I pochi risparmi erano stati tutti impegnati per i lavori di ristrutturazione della casa, che non erano finiti. Ma mia madre non si abbatté. Si rimboccò le maniche, con una forza incredibile. Fece il muratore, il falegname, la contadina, la sarta, la magliaia, con tanta sofferenza, rinunce e sacrifici. Anche per me non fu facile. Nata in Francia, credevo di essere una francesina. Mai avrei immaginato di venire in ferie in Italia per poi non tornare più nel paese dove avevo vissuto spensierata e felice, senza poter salutare gli amici, i compagni di scuola… Non capivo più chi ero. Avevo perso tutti i punti di riferimento. Quando arrivavano dei nostri conoscenti in vacanza dalla Francia li supplicavo in lacrime di portarmi con loro. Poi un giorno il destino mi fece un regalo. Nell’autunno del 1970 incontrai un grande uomo. Anche lui emigrato otto anni in Svizzera. Io 21 anni, lui 35. Nel 1971 ci sposammo. Un bravissimo muratore, innamorato del suo lavoro. Nel 1972 nacque la nostra prima figlia e nel 1979 il secondo figlio.

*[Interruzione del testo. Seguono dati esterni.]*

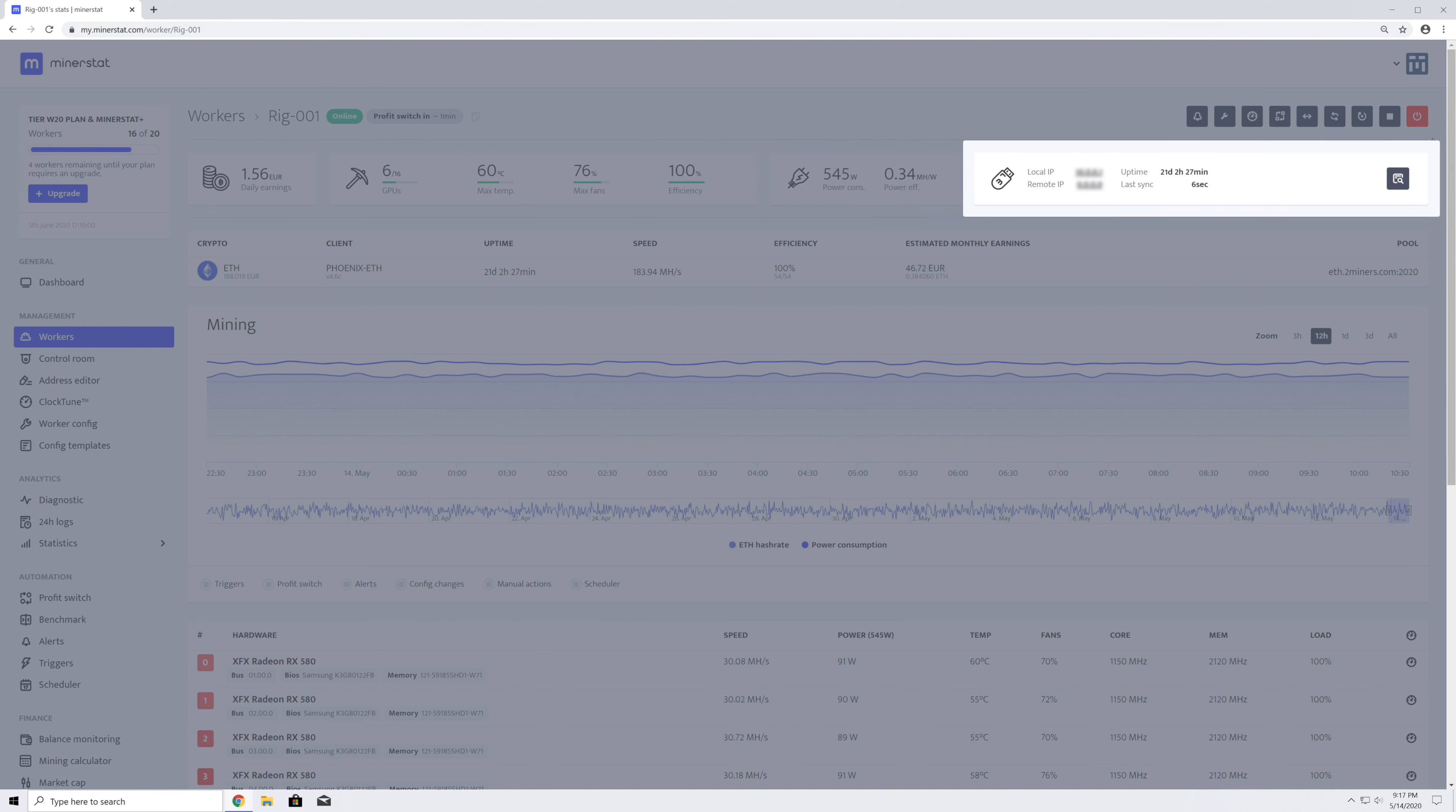In the last part of the summary, you can see an icon that represents the worker's system or type: Mining OS, Windows, or ASIC. Here, you can also see local and remote IPs, system uptime, and the time of the worker's last sync.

Purtroppo, nel gennaio 2016, all’età di 79 anni, mio marito ci lasciò, senza poter conoscere i suoi due ultimi nipotini e la pronipote, nata da poco.
Dopo il decesso di mio marito, nel mese di settembre 2016 tornai in Francia, nel paese dove ero stata felice e spensierata. Rivedere la casa dove avevo vissuto con mamma e papà, percorrere tutti i posti della mia adolescenza, la scuola, fu un toccasana. In quel momento, forse, riuscii a salutare il mio paese, cosa che non avevo mai fatto prima. Tornai in Italia più serena e consapevole.
Gli anni sono passati, ma il mio cuore è sempre metà francese e metà italiano. Non ne faccio una colpa ai miei genitori, ma certe decisioni pesano molto sulla sensibilità di un figlio.